(Web page caption snippets)

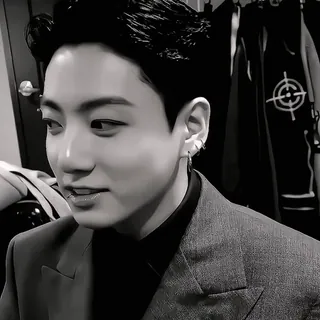 🥁 4c2505d1 人物, ポートレート, 男性, kpop, 顔, 白黒 telegram sticker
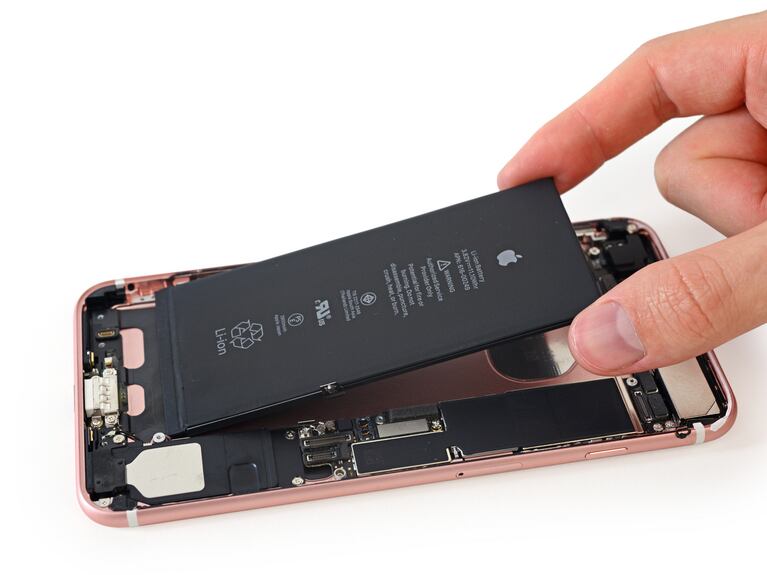 Apple reconoce fallas en las baterías 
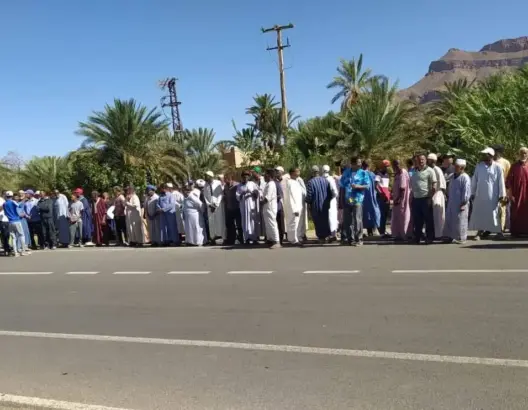 سكان بضواحي زاكورة يتظاهرون للمطالبة بمنع شركة من استخراج المياه الجوفية (صور)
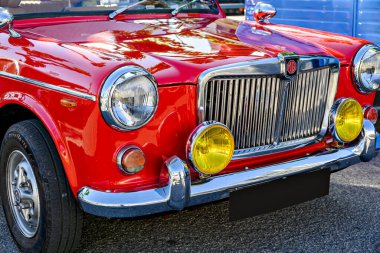 Santa Margarida de Montbui, Barselona, İspanya; 24 Mayıs 2025: Klasik araba sergisi, MG 1300. Eski arabalar.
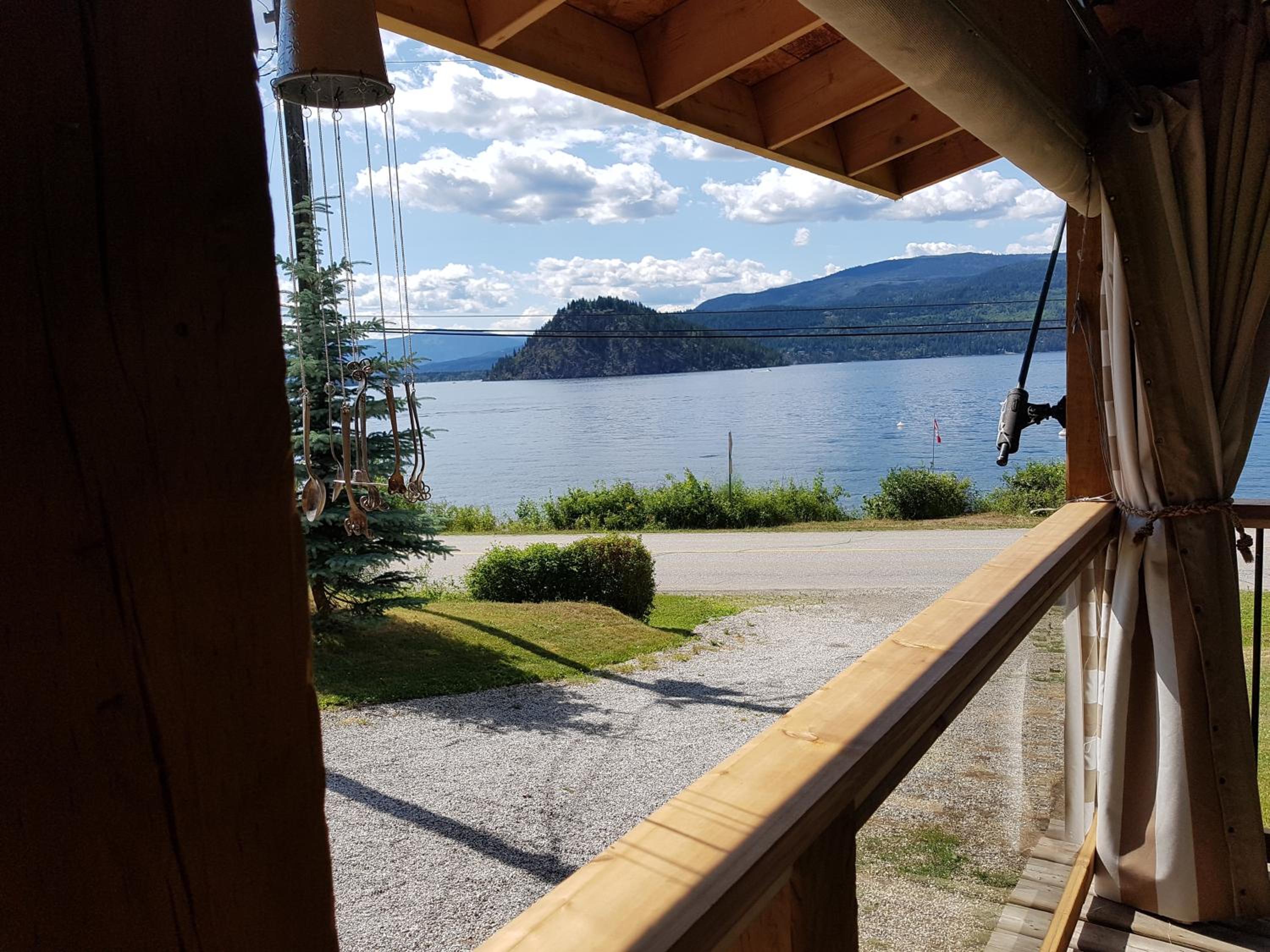 West facing Waterfront Cottage with private beach & buoy & dock access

=== Problem description ===
Exact copy, no pictures: reproduce every entry shown above.

=== Response ===
 🥁 4c2505d1 人物, ポートレート, 男性, kpop, 顔, 白黒 telegram sticker
 Apple reconoce fallas en las baterías 
 سكان بضواحي زاكورة يتظاهرون للمطالبة بمنع شركة من استخراج المياه الجوفية (صور)
 Santa Margarida de Montbui, Barselona, İspanya; 24 Mayıs 2025: Klasik araba sergisi, MG 1300. Eski arabalar.
 West facing Waterfront Cottage with private beach & buoy & dock access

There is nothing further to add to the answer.